Directions: Give the data below again exactly as it stands. Omit the pictures.

----- Information provided -----

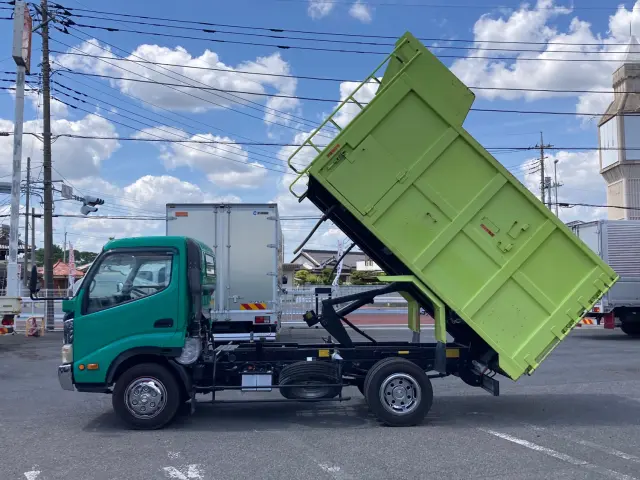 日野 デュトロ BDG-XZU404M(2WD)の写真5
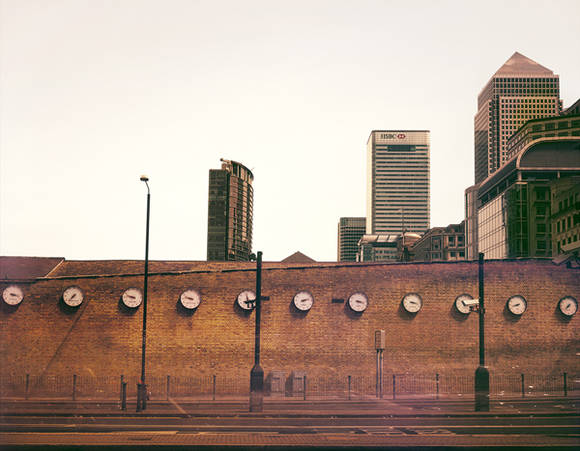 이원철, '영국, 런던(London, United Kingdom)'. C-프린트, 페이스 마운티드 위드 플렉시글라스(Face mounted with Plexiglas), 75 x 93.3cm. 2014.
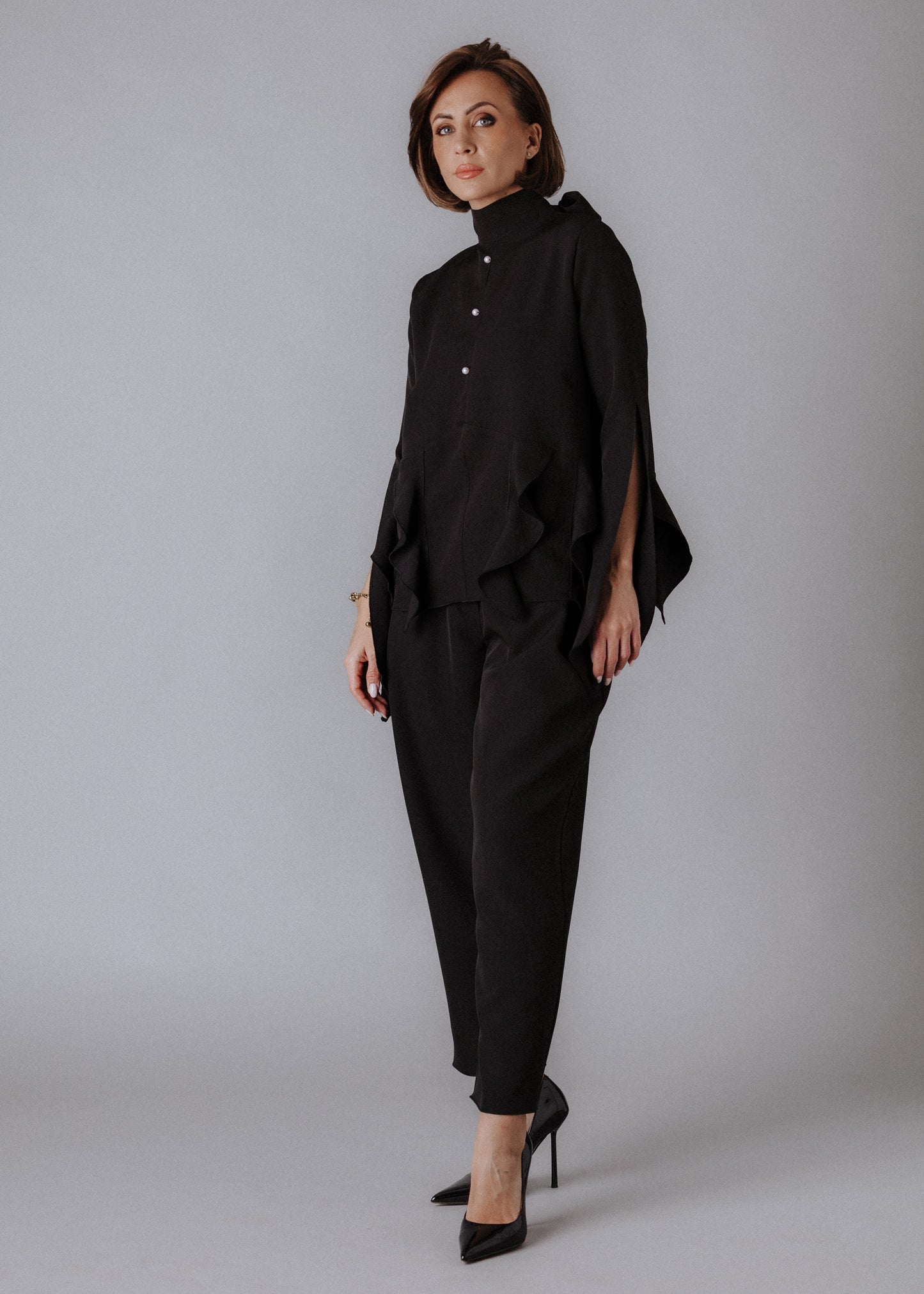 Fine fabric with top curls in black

-----

Response area:
 日野 デュトロ BDG-XZU404M(2WD)の写真5
 이원철, '영국, 런던(London, United Kingdom)'. C-프린트, 페이스 마운티드 위드 플렉시글라스(Face mounted with Plexiglas), 75 x 93.3cm. 2014.
 Fine fabric with top curls in black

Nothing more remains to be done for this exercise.